Filed under: Lenders, sub-prime — luke at 6:32 am on Saturday, June 23, 2007

This Business Week article suggests that sub-prime borrowers are treating their homes as rentals. They’re paying credit cards first, homes second.

According to Business Week, 32% of sub-prime borrowers were more than 30 days late in paying their mortgage in 2003. That number was 36% in 2006. On the other hand, the percentage that were late on credit card payments fell from 32% to 24%. A significant drop. You can view the rest of the article here.

The up-front cost of a sub-prime loan is obviously more than a rental deposit, but given the circumstances, and risk taken at the wrong time, these people might be smart to drop out of their expensive loan payments when the mortgage + taxes + PMI payment might damage their ability to obtain credit cards.

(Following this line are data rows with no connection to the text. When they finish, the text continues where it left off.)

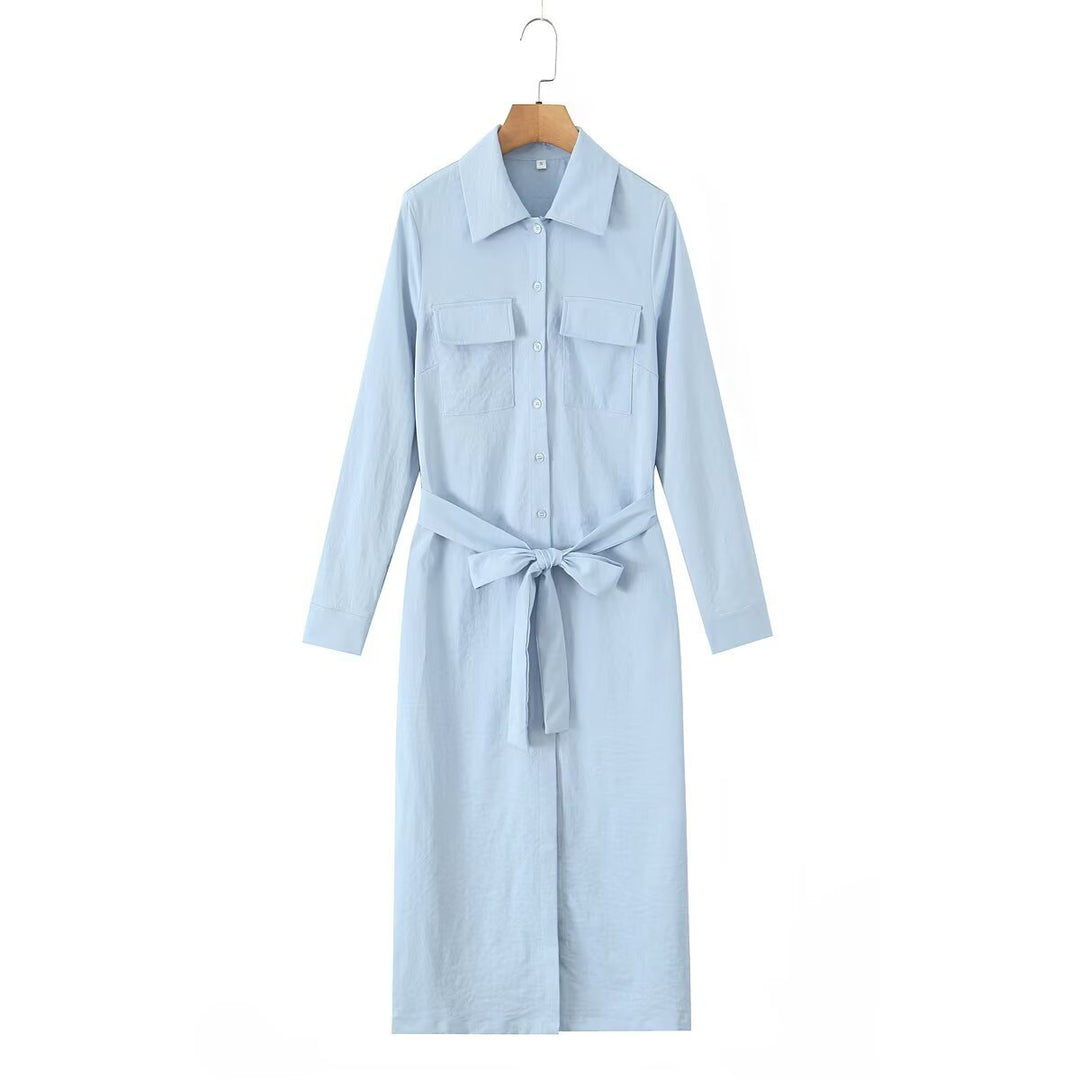 Robe chemise pour femmes avec poches poitrine pratiques et ceinture ajustée Chic & Stil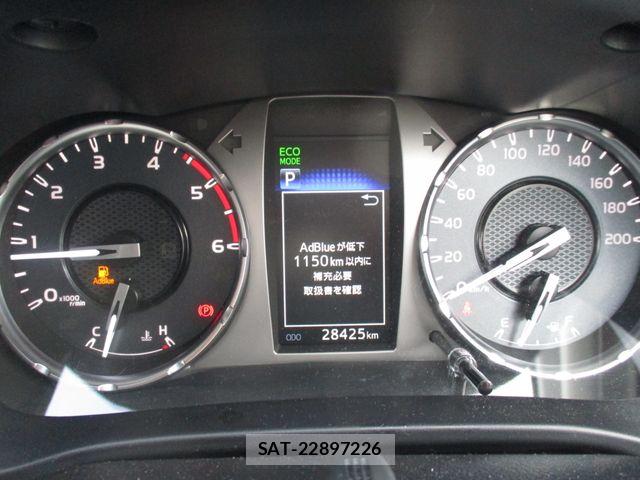 Toyota HILUX 2021-09 8659439-18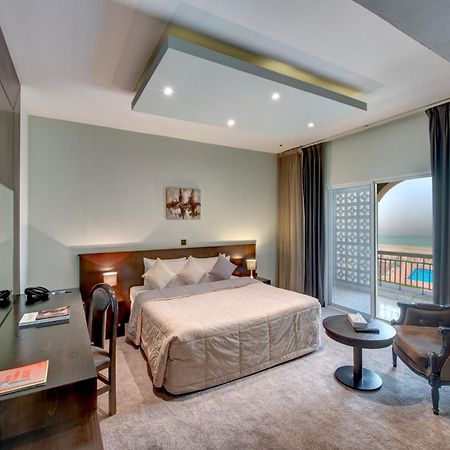Sharjah Carlton Hotel Eksteriør billede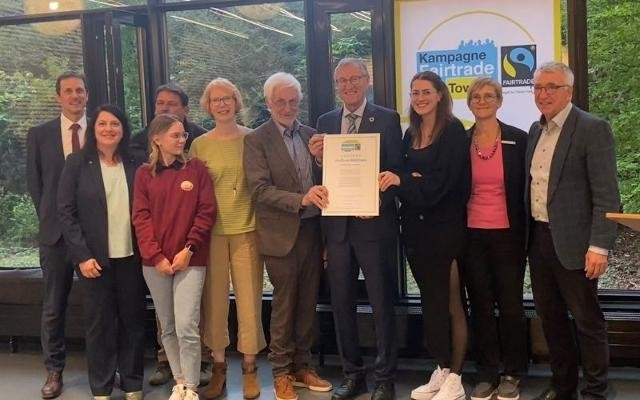 Landrat Bernhard und die Fairtrade-Steuerungsgruppe bei der Übergabe des Zertifikats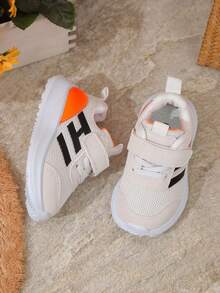 1 par de zapatos deportivos casuales, ligeros y antideslizantes de PU, adecuados para el otoño, de estilo moderno y apropiados para estudiantes de ambos sexos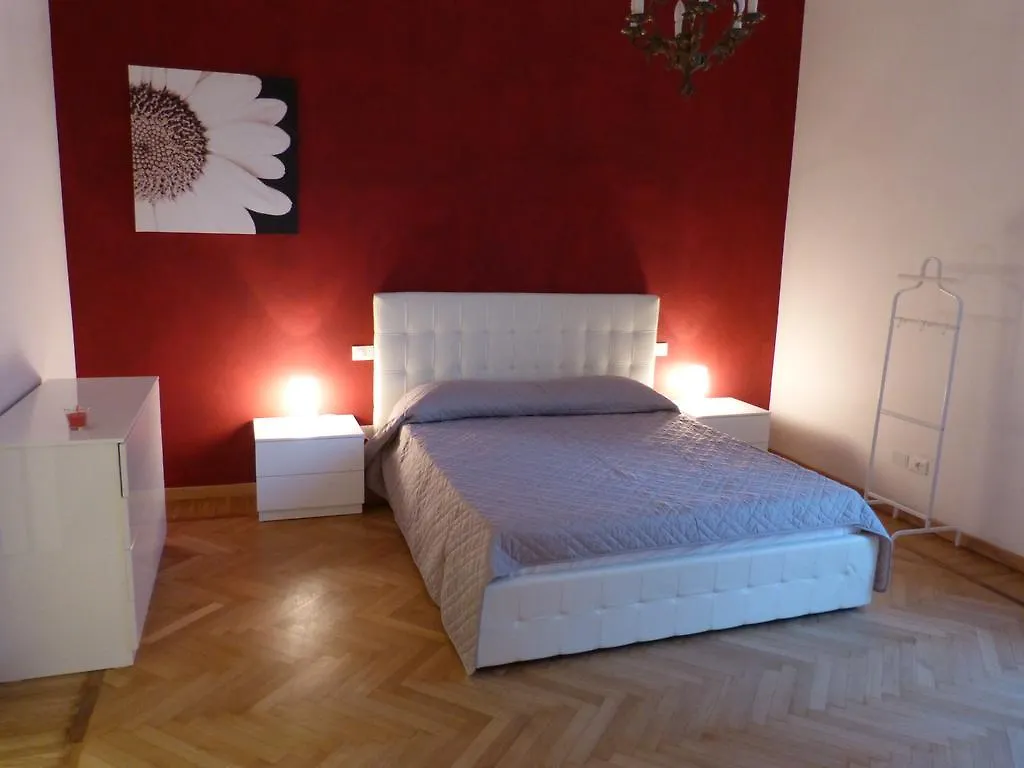 Piazza Dei Martiri Apartman Bologna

For these borrowers, the only difference between a sub-prime loan and paying rent is that you pay rent to the sub-prime lender instead of a landlord, the payment is probably 15-30% higher, and you incur some costs at close (unless you roll them in). For the remaining 64% who take out these loans and can make the payments, the risk might be worth the reward. Especially if they’re able to acquire an asset that increases in value at a monthly rate HIGHER than the difference between what they would pay in rent, and their mortgage payment. This is very possible over a 3-4 year period, and holds the potential to lift these people into the Middle Class.

What’s interesting about the sub-prime debate going on in Oregon, and other States, is how little it is understood by the people enacting the laws. For 64% of borrowers, sub-prime loans may in fact offer them a way out of the endless payday loan cycle, by giving them ownership of an asset that has the potential to grow at 3-8%/year. Ironically, if subprime borrowers were given a pass on their property taxes, often 20% of the mortgage payment, these borrowers might actually be able to afford this asset. Cap payday and CC loans to them, give them education vouchers and free classes on budgeting, economics, and finance and they’ll have a chance to make it.

Somehow I doubt SB965 will lead to a debate about ending property taxes for sub-prime borrowers. That would mean the government would actually have to take responsibility for the working poor by sacrificing their revenue too. Not just the revenue of legitimate mortgage brokers licensed through the State. That’s the easy way out.